2. Prevention of Vandalism and Looting of Archeological Resources on Public Lands Agencies managing public lands must pursue enforcement and prosecution under existing laws.

a. Public land agencies must increase their efforts to prevent violations and to apprehend and prosecute violators. We strongly support the intensified efforts by law enforcement agencies and public prosecutors to eliminate looting and vandalism of archeological resources.

b. Because a knowledge of the extent and nature of archeological resources is necessary for their management and protection, public land agencies must give a high priority to inventory and documentation. We urge Congress to provide the funding necessary for this work. Such inventory should be conducted under the auspices of professionally qualified specialists, as defined by the Society of Professional Archeologists or the Secretary of the Interior.

c. The Sierra Club supports the enactment or strengthening of anti- looting and anti-vandalism laws where they are inadequate.

d. The Sierra Club supports public education concerning the destructive nature of vandalism and looting.

e. The Sierra Club strongly endorses efforts by the American Association of Museums, the International Committee of Museums, the Association of Art Museum Directors, and UNESCO to curb the looting of sites and the transfer of illegally or unethically obtained archeological materials.

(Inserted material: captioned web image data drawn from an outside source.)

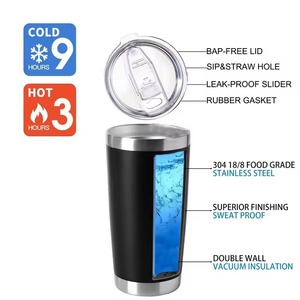 Bekith Lot de 2 gobelets de voyage isothermes en acier inoxydable de 500 ml avec couvercle anti-fuite, conception à double paroi sous vide pour <span class=keywords><strong>café</strong></span> chaud/à froid - Product Image 2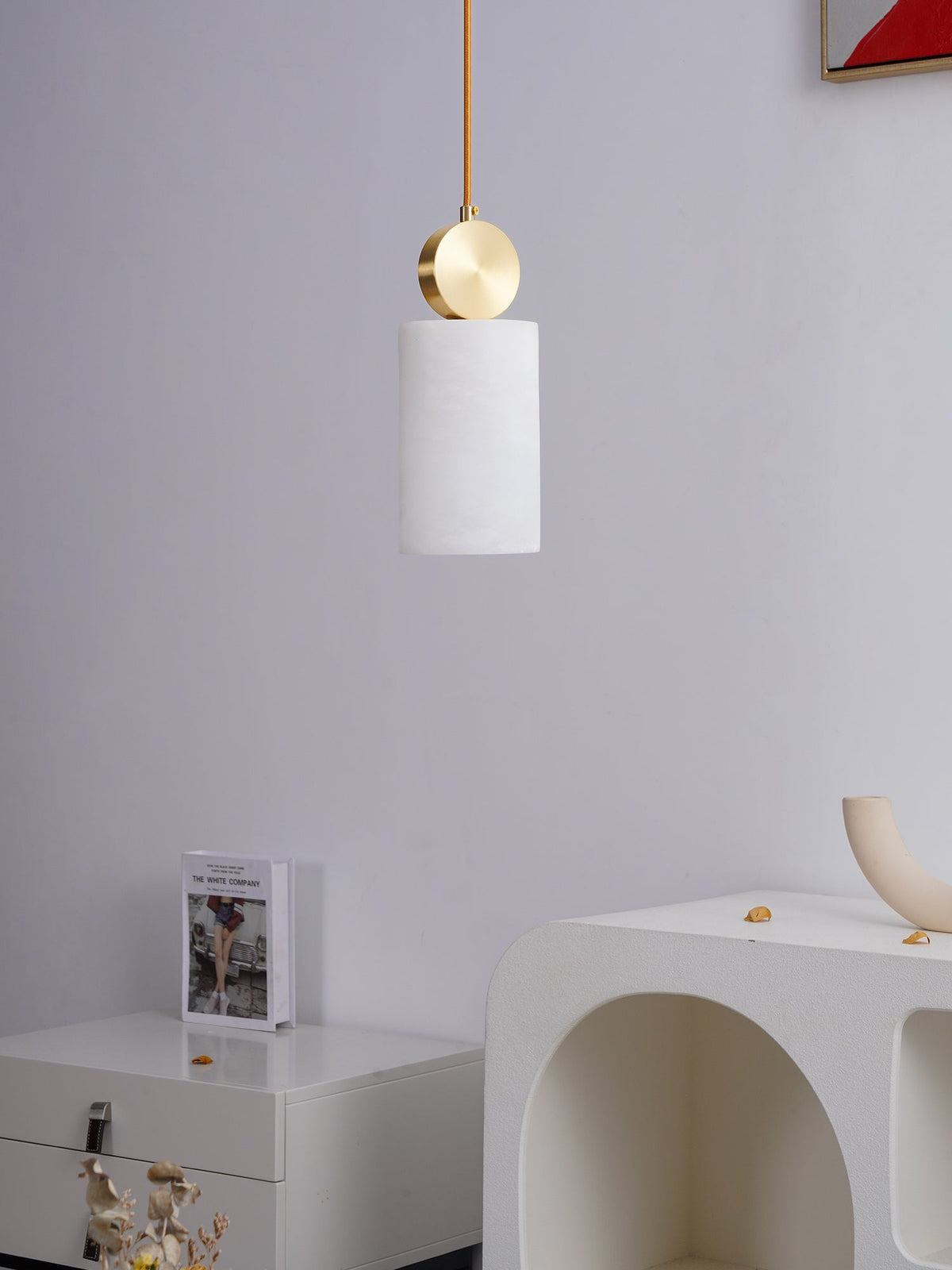 Salen lampa wisząca z alabastrem i miedzią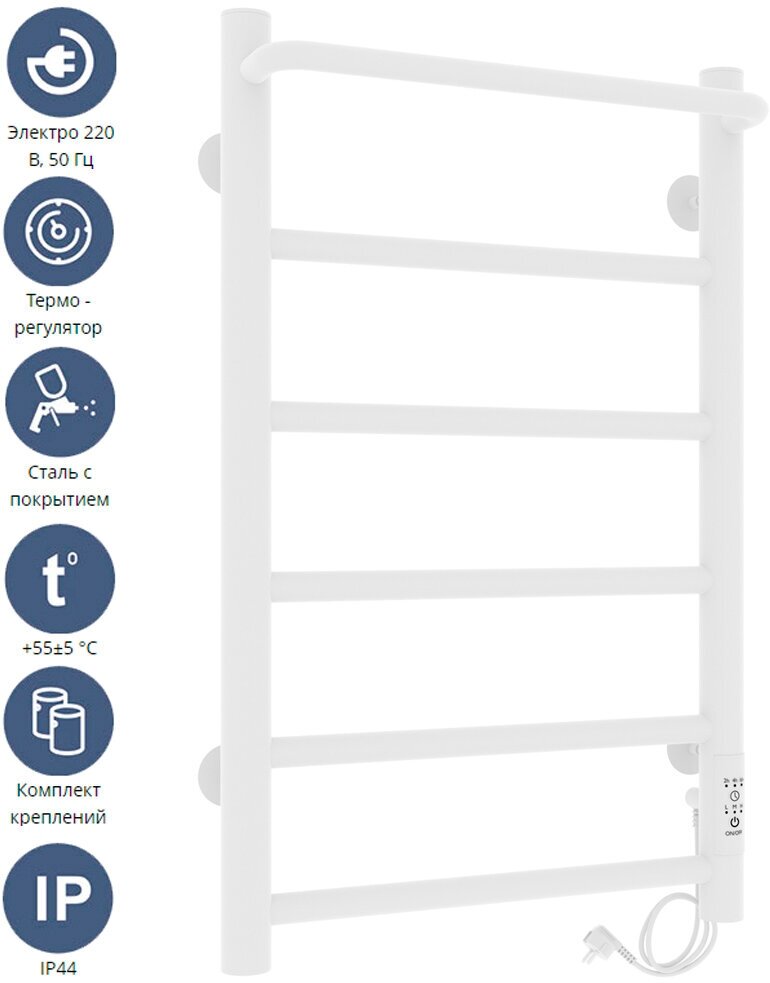 Полотенцесушитель электрический Laris Прайм ЧК П6 400х600 Э белый правое подключение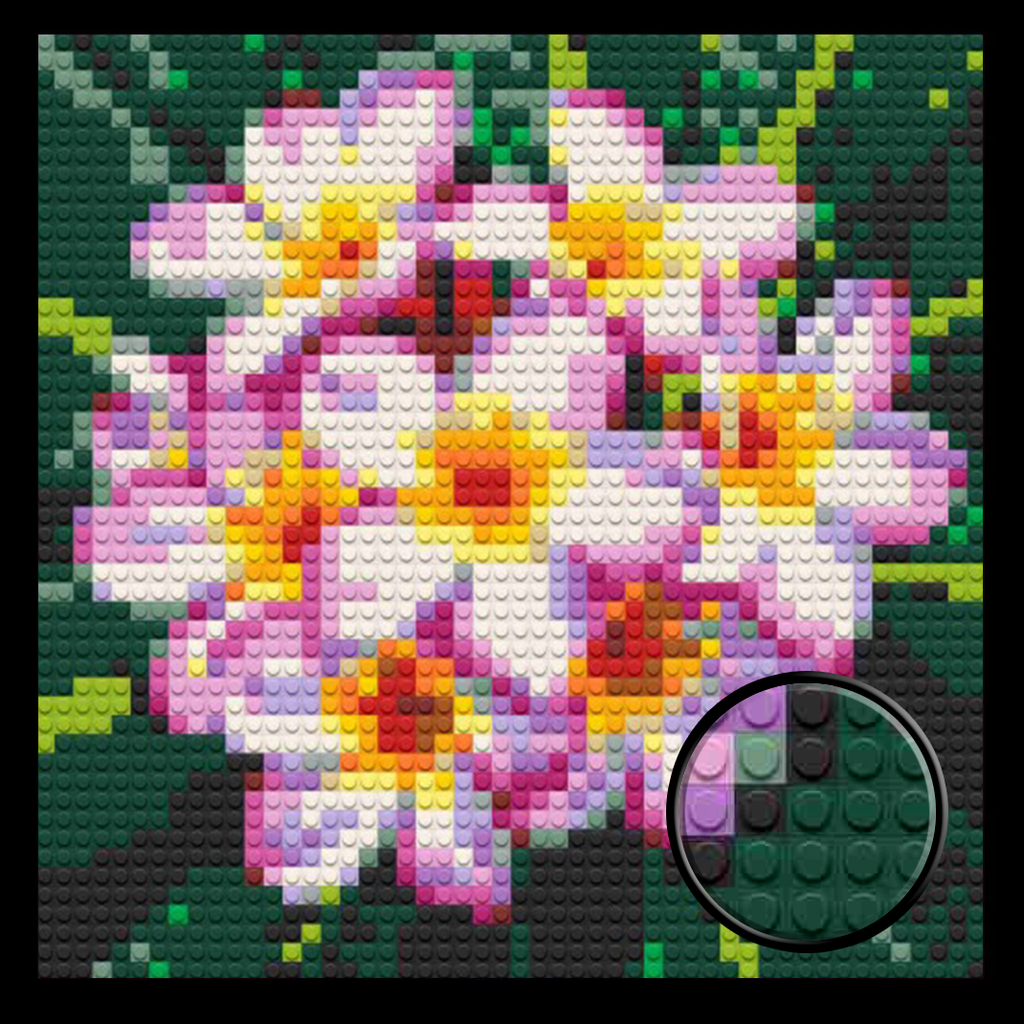 Pink Frangipani Flower Home decoration Bricked Mosaic Portrait 16x16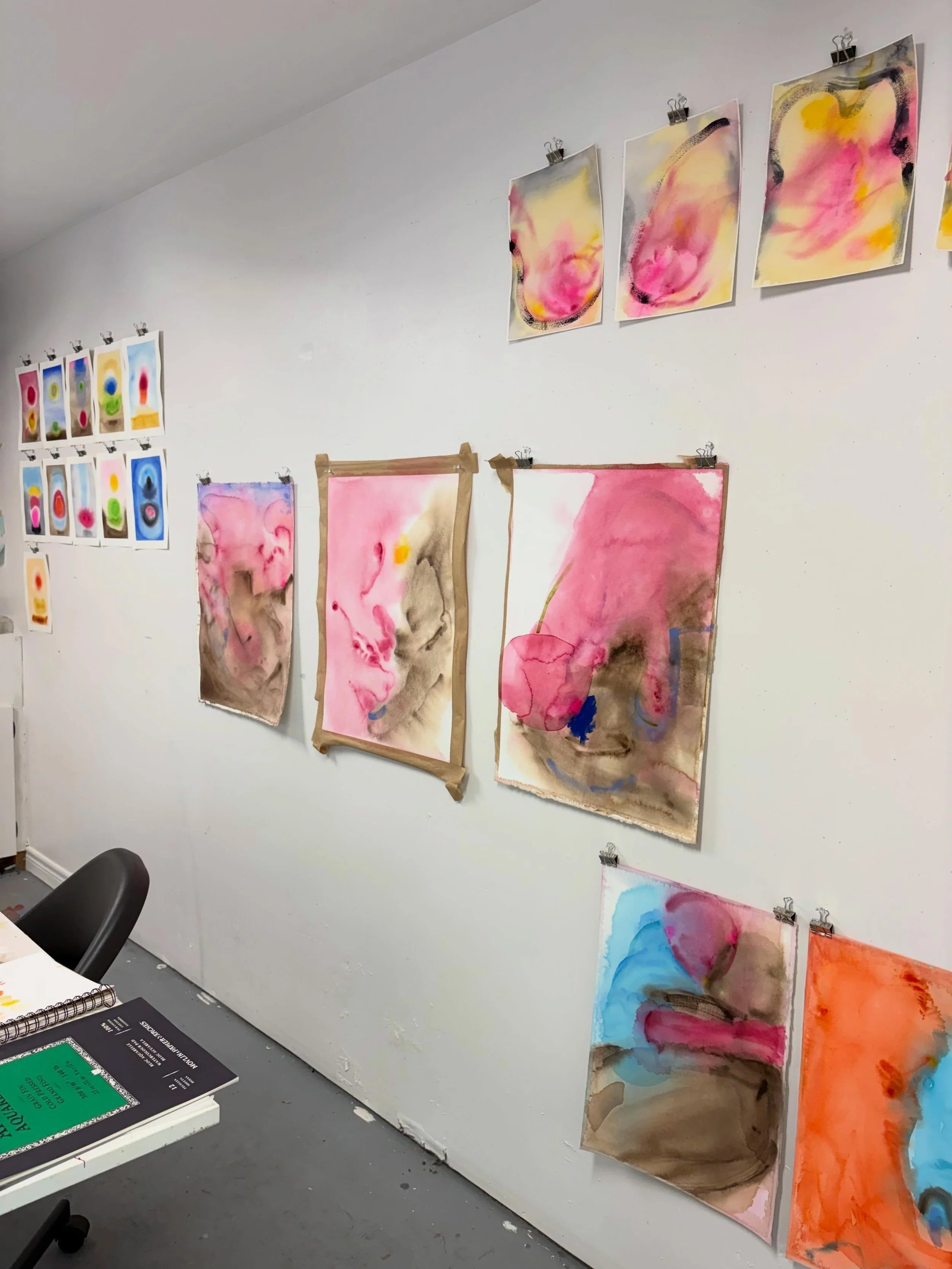 In the studio lately.

I&rsquo;ve been developing different bodies of work and arranging them on the wall. They begin to speak to one another when they&rsquo;re together.

Seeing them in proximity helps me notice recurring colours, shapes, and textur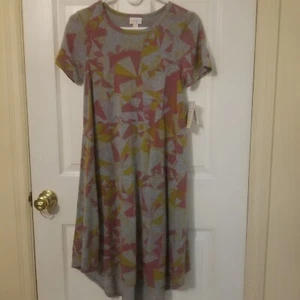 LuLaRoe Carly Short Sleeve Swing Dress Grey Pink Yellow Triangle Size XXSmall - Picture 1 of 11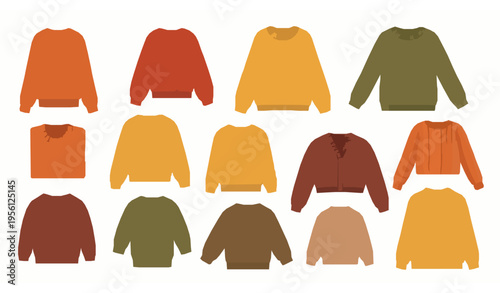 Flat Autumn Sweater Vector Set Cozy Knitwear Collection for Fall Fashion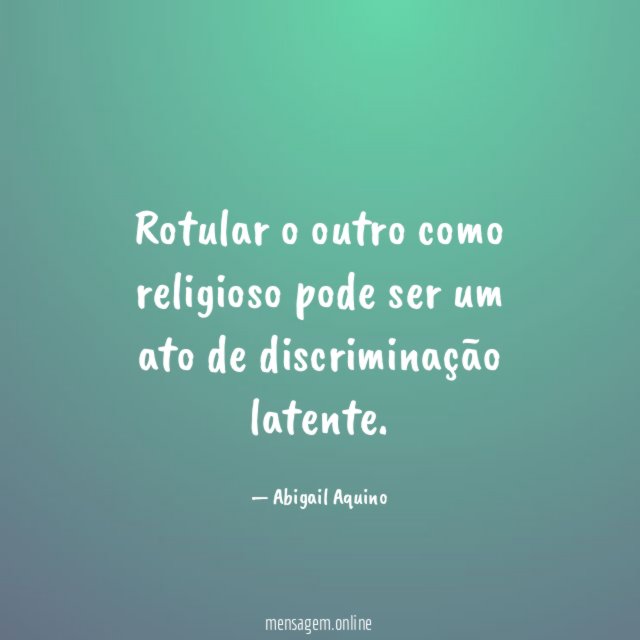 Rotular o outro como religioso pode ser um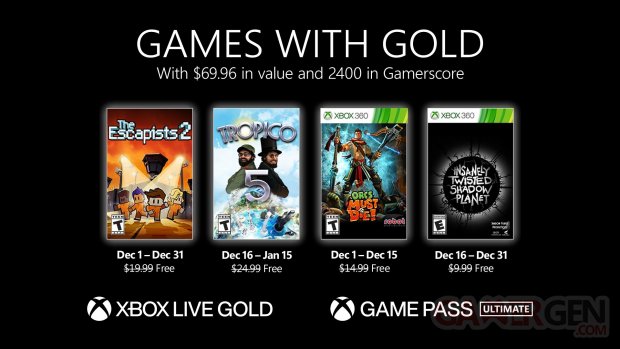 Xbox Live Games with Gold 23 11 2021 décembre 2021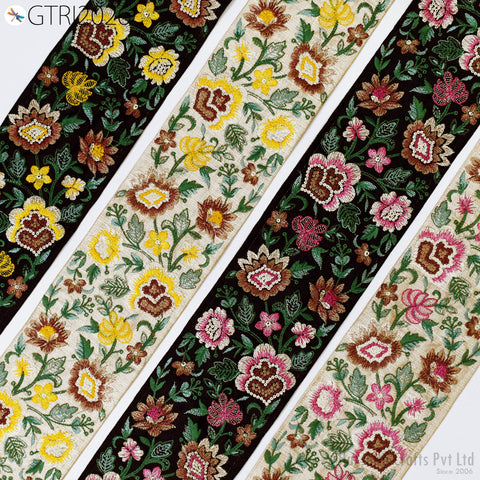3 Yard Embroidered Fabric Trims Indian Embroidery Sari Border Laces Ribbon Decorative Sewing Craft Saree Dresses Trimmings Home Decor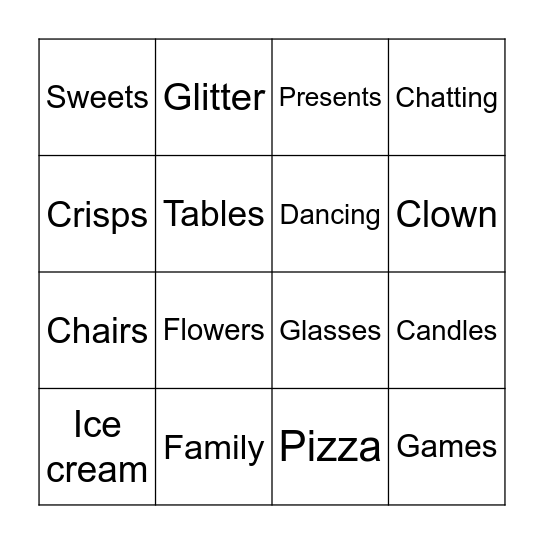 Things you find at a party! Bingo Card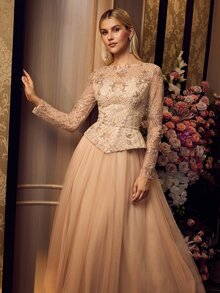 MOTF Soiréza WOMEN'S HIGH-END HEAVY EMBELLISHED RHINESTONE EMBROIDERY LONG EVENING DRESS - Champagne - View 6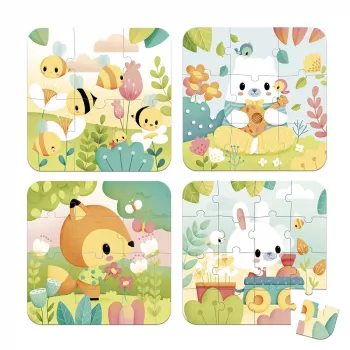 Janod Pure Progressives Puzzle-Set im Koffer – Tiere – 4 Puzzles (6, 9, 12, 16 Teile) – ab 2 Jahren – Hergestellt in Frankreich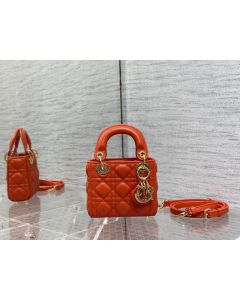 Dior 12CM Lady Dior Bag Orange Cannage Lambskin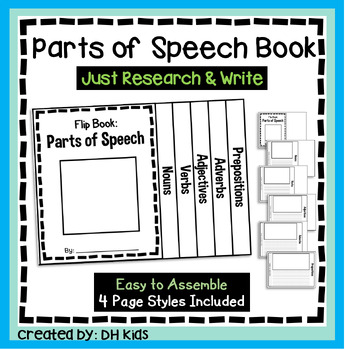 Preview of Parts of Speech Flip Book - Writing about Nouns, Verbs, Adverbs, Adjectives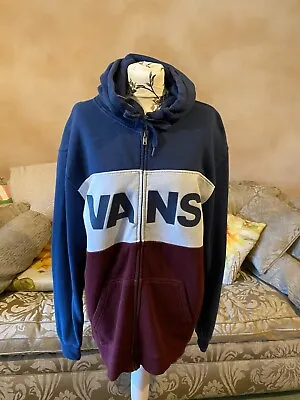 Buy VANS Off The Wall Full Zip Sweatshirt Hoodie Tricolour UK L • 18£
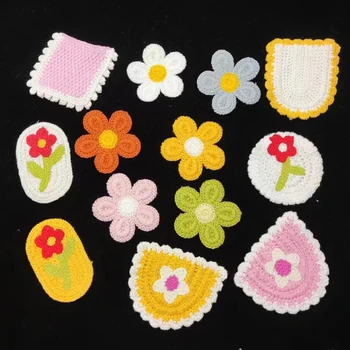 5 Комплекта анимационни цветни аксесоари от плат с бродерия под формата на пет венчелистчета за пуловери, тениски, декорации 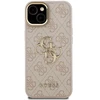 Guess PU 4G Metal Logo Stand Camera Frame dėklas skirtas Apple iPhone 15 rožinės spalvos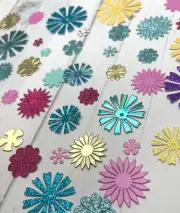 Die Cuts Petite Flowers Leaves 36 Pieces Foil Mirror Specialty Basic Cardstock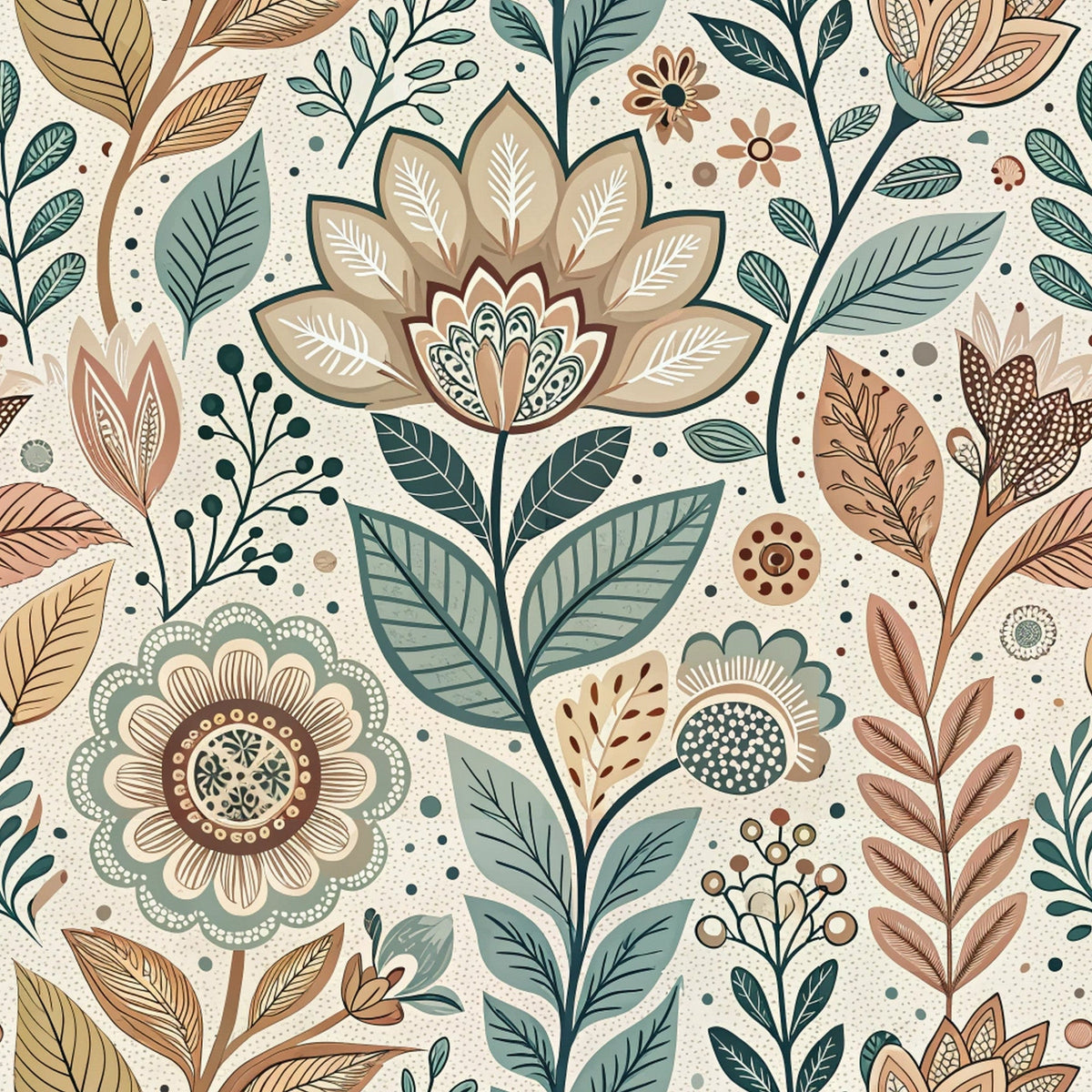 Nordic Bloom Pattern 2 Minky Fabric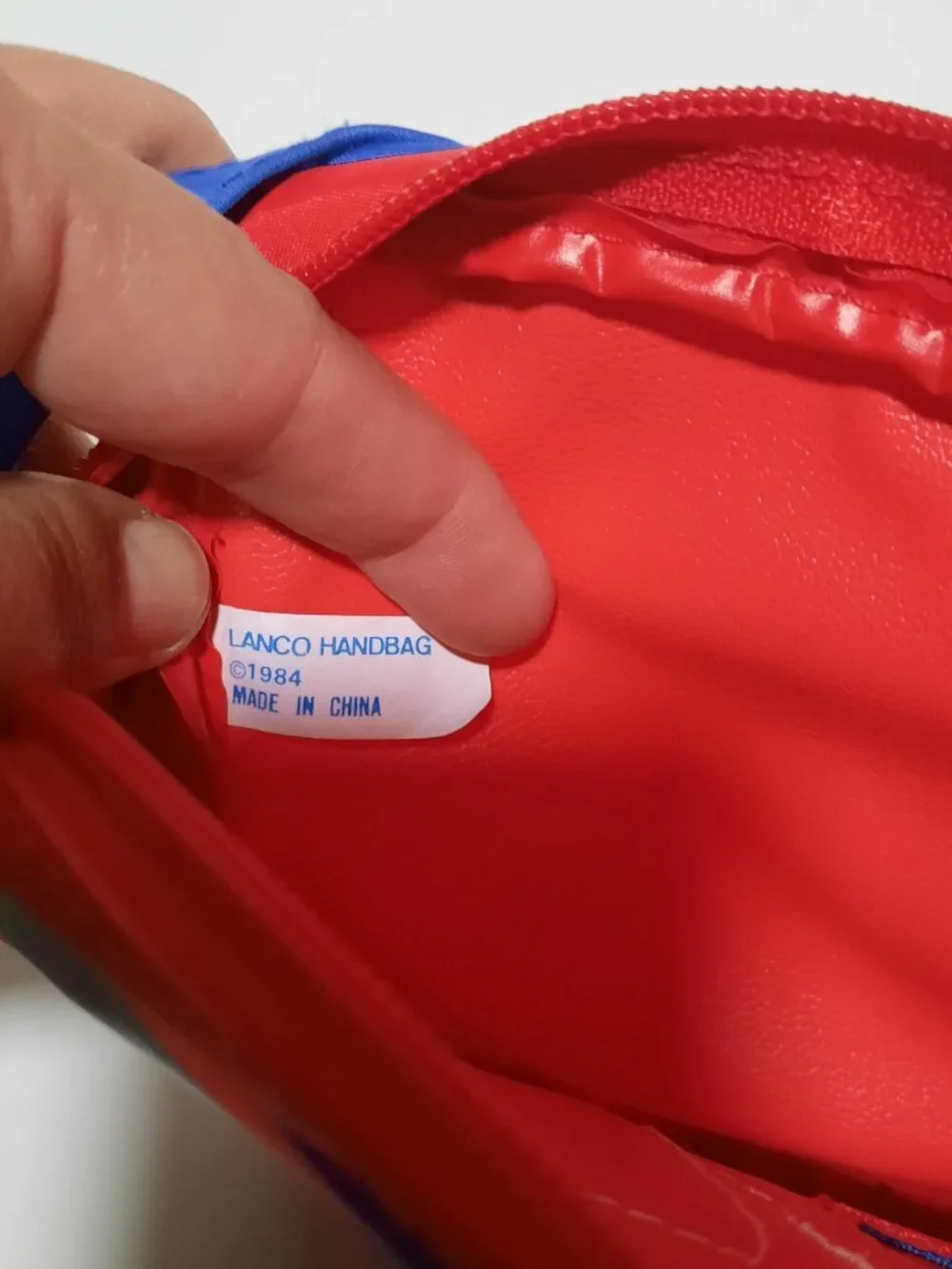 Vintage 1984 Lanco Bear Necessities Kids Shoulder Bag Purse Crayons Red Blue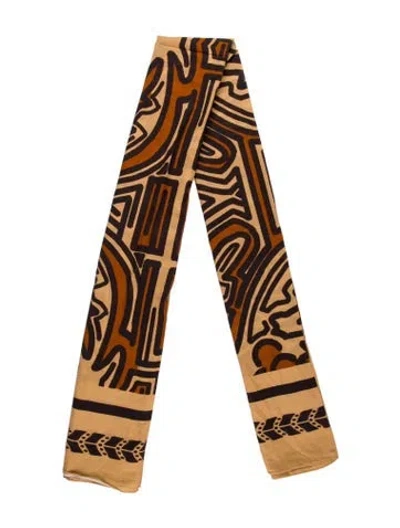 Pre-owned Johanna Ortiz Printed Scarf In Brown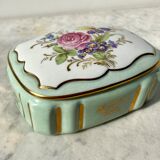 Porcelain jewelry box from Limoges Porteron vintage 60s perfect condition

3. Prevention of Vandalism and Looting of Archeological Resources on Private Lands The Sierra Club encourages the prohibition of looting and vandalism of archeological resources on private lands. This may be accomplished by tax incentives for landowners (e.g., through conservation easements), through purchase of such lands by governmental or private agencies, or by enacting federal or state legislation (such as is the case with Mexico and Great Britain) protecting all archeological resources whether on public or private lands.

4. Archeological Research in Wilderness Areas Archeological resources within designated wilderness and wilderness study areas must be protected in accordance with applicable laws. Accordingly, professional archeological research in such areas should be allowed, so long as it results in no long-term or irreparable impacts to wilderness attributes.

a. Professional archeological research within wilderness areas should be permitted when and where it has been approved under existing applicable permitting procedures.

b. Archeological excavations in wilderness areas should be small and inconspicuous (except where the archeological resources would be destroyed by natural forces) and should employ techniques that minimize impacts on the surrounding environment and that, to the maximum extent possible, return the site to its previous, natural state. As with all wilderness activities, actions need to be consistent with wilderness management. No surface disturbance shall be allowed where wilderness values outweigh the archeological values.

5. International Archeological Protection The Sierra Club supports and encourages the enactment of legislation and funding of actions that promote the preservation and protection of archeological resources throughout the world.

a. All nations should recognize, preserve and protect their archeological heritage.

b. All governments should support international efforts to eliminate international trade and exchange of illegally acquired antiquities and archeological remains.

c. All nations should avoid activities at home or abroad that will result in adverse impacts on significant archeological resources.

* Significant archeological resources are equivalent to saying that they are eligible for the National Register of Historic Places. Basically, this means that these resources have the capability of yielding scientifically meaningful information about the past people who created them.

Adopted by the Board of Directors, November 11-12, 1989; amended May 17-18, 1997

[The policy on archeological resources in wilderness areas of February 14-15, 1970, is replaced by Section 4 above.]